# Records for processing:
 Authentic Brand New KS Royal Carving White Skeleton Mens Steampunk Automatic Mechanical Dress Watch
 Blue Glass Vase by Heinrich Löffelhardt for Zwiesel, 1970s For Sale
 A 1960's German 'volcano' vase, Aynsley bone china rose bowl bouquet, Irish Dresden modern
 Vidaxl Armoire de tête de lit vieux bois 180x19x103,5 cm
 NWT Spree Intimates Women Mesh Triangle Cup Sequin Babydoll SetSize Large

* * *

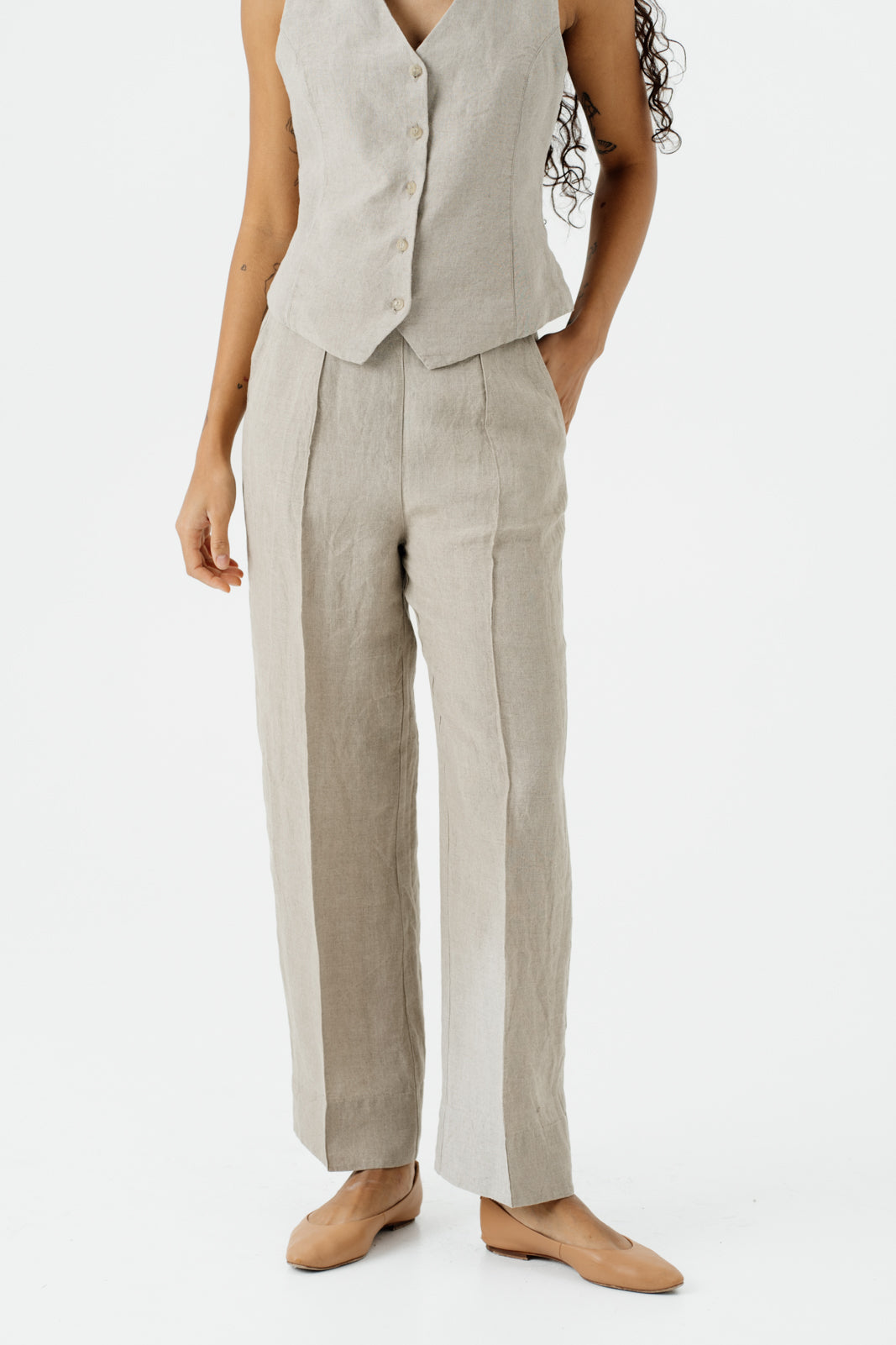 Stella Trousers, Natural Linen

# Exercise aim:
What you return must be the lines above that run from the line with "Authentic Brand New" to the line with "NWT Spree Intimates", inclusive, each copied exactly.

# Task response:
 Authentic Brand New KS Royal Carving White Skeleton Mens Steampunk Automatic Mechanical Dress Watch
 Blue Glass Vase by Heinrich Löffelhardt for Zwiesel, 1970s For Sale
 A 1960's German 'volcano' vase, Aynsley bone china rose bowl bouquet, Irish Dresden modern
 Vidaxl Armoire de tête de lit vieux bois 180x19x103,5 cm
 NWT Spree Intimates Women Mesh Triangle Cup Sequin Babydoll SetSize Large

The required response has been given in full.